Mitte der Welt
Jahre genau ist es her, seit das alte Konstantinopel Fatih Mehmet in die Hände fiel. An diesem heutigen Tag fiel ihm zu, was vor ihm viele schon versucht hatten: die Stadt in Besitz zu nehmen; nach fast einjähriger Belagerung.
Zufällig soll, so wird berichtet, während der tagelangen heftigen Beschießung der Landmauer, während des Anrennens und Hereinstürmens in die geschlagenen Breschen, während des Abwehrens und Niedermachens der Eindringenden, ein Tor in der Mauer offen geblieben sein – vielleicht infolge von Erschöpfung und Zermürbung angesichts des nicht mehr zurückzuschlagenden Ansturms, wer weiß, ob sperrangelweit oder nur einen Spalt breit oder schlicht unverschlossen –, so dass die Prophezeiung sich erfüllte an diesem Tag; und das Tor, das heute Eğri Kapı heißt, das Geburtstor Istanbuls wurde.

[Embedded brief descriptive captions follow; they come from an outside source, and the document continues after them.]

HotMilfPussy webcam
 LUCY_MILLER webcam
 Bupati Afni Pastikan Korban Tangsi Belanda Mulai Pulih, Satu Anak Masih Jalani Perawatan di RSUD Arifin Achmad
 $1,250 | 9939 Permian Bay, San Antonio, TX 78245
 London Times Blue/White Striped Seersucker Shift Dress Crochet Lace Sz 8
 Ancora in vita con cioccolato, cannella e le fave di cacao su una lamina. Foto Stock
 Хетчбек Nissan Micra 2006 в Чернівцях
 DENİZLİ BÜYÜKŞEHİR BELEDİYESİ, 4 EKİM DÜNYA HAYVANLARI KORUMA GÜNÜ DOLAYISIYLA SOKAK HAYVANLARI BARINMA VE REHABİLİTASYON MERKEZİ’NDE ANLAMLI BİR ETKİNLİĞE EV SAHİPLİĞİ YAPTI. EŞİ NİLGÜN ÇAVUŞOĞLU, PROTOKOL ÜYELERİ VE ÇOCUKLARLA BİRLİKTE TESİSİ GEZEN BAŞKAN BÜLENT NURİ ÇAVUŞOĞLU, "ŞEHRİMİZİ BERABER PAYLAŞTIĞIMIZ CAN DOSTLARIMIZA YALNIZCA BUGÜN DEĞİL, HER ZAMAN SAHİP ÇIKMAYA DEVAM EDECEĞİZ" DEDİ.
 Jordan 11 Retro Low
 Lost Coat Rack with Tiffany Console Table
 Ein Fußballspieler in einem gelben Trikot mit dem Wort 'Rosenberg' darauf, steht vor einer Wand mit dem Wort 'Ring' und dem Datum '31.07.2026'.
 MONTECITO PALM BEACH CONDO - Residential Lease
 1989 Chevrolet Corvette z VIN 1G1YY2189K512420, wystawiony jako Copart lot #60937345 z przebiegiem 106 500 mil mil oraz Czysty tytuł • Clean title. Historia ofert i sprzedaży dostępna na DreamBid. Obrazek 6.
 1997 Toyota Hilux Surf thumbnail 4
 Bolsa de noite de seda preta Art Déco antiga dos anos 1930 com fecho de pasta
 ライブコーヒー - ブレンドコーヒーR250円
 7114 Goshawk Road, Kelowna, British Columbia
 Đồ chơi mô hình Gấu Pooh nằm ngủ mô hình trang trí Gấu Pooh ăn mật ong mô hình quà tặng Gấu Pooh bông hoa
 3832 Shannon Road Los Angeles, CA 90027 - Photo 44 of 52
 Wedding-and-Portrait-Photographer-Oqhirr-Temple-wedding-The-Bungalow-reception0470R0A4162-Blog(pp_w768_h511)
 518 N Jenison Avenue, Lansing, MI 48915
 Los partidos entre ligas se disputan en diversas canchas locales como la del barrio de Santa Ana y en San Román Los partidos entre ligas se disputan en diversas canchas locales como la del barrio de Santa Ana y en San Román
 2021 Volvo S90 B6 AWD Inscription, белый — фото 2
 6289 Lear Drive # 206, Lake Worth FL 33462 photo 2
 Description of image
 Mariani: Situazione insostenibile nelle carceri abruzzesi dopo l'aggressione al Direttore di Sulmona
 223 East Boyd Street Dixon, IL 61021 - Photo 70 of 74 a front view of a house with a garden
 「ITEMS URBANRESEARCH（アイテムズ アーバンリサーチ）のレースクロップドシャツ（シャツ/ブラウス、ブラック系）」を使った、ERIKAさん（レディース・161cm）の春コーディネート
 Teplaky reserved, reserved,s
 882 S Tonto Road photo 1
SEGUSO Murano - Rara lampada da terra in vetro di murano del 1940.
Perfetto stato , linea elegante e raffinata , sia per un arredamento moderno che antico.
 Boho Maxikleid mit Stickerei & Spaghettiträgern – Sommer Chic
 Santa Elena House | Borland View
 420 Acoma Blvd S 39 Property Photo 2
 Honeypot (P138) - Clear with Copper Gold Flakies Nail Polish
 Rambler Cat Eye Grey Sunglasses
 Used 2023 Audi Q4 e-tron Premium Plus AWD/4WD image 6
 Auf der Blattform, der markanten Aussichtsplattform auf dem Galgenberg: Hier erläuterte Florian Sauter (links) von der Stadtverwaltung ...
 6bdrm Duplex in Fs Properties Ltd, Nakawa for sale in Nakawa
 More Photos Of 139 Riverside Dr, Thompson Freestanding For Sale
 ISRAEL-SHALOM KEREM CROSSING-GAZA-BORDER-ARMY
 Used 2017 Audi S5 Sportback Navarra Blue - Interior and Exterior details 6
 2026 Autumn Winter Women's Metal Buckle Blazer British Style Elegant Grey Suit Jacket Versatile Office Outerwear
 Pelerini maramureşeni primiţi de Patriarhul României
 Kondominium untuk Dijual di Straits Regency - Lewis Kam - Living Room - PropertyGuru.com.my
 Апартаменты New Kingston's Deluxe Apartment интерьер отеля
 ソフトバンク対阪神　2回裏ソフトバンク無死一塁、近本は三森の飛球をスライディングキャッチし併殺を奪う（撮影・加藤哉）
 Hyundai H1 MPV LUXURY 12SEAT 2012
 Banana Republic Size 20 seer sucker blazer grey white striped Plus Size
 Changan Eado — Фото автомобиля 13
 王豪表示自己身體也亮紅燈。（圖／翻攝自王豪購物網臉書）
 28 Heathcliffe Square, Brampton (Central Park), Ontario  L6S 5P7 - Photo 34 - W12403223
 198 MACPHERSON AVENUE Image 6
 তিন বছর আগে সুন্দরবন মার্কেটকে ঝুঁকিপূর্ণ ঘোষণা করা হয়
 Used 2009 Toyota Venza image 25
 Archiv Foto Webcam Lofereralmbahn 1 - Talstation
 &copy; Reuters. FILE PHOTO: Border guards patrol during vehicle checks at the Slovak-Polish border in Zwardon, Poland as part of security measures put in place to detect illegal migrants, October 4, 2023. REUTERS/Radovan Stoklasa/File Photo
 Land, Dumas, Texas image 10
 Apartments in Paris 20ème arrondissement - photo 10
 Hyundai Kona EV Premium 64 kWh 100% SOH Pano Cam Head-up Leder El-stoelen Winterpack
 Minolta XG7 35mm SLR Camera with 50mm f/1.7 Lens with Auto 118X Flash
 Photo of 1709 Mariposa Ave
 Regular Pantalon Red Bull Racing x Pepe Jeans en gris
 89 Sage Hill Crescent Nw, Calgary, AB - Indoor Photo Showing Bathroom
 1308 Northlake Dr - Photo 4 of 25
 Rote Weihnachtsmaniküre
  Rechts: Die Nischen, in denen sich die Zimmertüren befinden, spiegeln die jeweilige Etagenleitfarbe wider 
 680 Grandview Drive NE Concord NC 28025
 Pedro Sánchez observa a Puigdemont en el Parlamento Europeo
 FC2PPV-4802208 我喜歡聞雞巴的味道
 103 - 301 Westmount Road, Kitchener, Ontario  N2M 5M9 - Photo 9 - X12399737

Und: Heute ist auch mein Geburtstag. Nicht ganz genau heute, aber auf ein paar Tage mehr oder weniger, finde ich, kommt es nicht an. Mir gefällt, dass mein Geburtstag mit Istanbuls fast genau zusammenfällt. Ein schöner Zufall!
Nur weiß hier niemand davon. Hier interessiert sich niemand für Geburtstage. Oder falls doch, erst seit neuerem, seit sich an Sitten und Gebräuche der westlichen Welt angelehnt wird. Ansonsten werde das Wunder der Geburt nicht per Datum zu fassen versucht, höre ich, nicht an einem einzigen Tag im Jahr das Ich betrat die Welt für feiernswert erachtet, sondern Tag für Tag.
Die Füße lasse ich neben den blühenden Kapuzinern baumeln – dass mir die Anzahl der bereits gelebten Jahre nicht auf Anhieb einfällt, dass die Ziffer an Bedeutung verliert, mag sein, es ist, weil die Rechnung inzwischen eine andere ist.
Trotzdem, mir ist sehr feierlich heute.
Feiernswert ist, dass ich hier bin, in dieser Stadt, Tag für Tag.
Am Tag meiner Geburt, nachdem ich das Tor ins Leben endlich passiert hatte, soll die Hebamme hinausgegangen sein in den Garten, um Luft zu schöpfen, und zurück ans Bett der Frischentbundenen gekommen mit einer Kapuzinerblüte, der ersten in jenem Jahr, die sie ihr aufs Kissen legte mit den Worten: zur Feier des heutigen Tages!
Bei Vollmond, heißt es, kommen viele zur Welt; andere am Abend vor dem großen Sturm, oder in der Nacht, als der erste Schnee fiel, oder zur Zeit der Mandelblüte, der Feigenernte, der Weinlese, oder nach dem Opferfest oder während des Umzugs ins neue Haus, oder auf der Flucht; mein Geliebter kam, als die Granatäpfel eben anfingen, vor Süße zu platzen; manche kommen früh, manche spät, manche leicht, manche schwer. Ich kam als erstes Kind meiner Mutter, und: mit der ersten Kapuzinerblüte. Dass die Kapuziner in Istanbul früher im Jahr zu blühen anfangen – vielleicht wär’ auch ich hier früher ins Licht –
Mein verzückter Blick auf diese Stadt: Wie verschwenderisch leichtsinnig sie ist, trotz allem Verfall, betörend nachlässig aller Vergänglichkeit gegenüber!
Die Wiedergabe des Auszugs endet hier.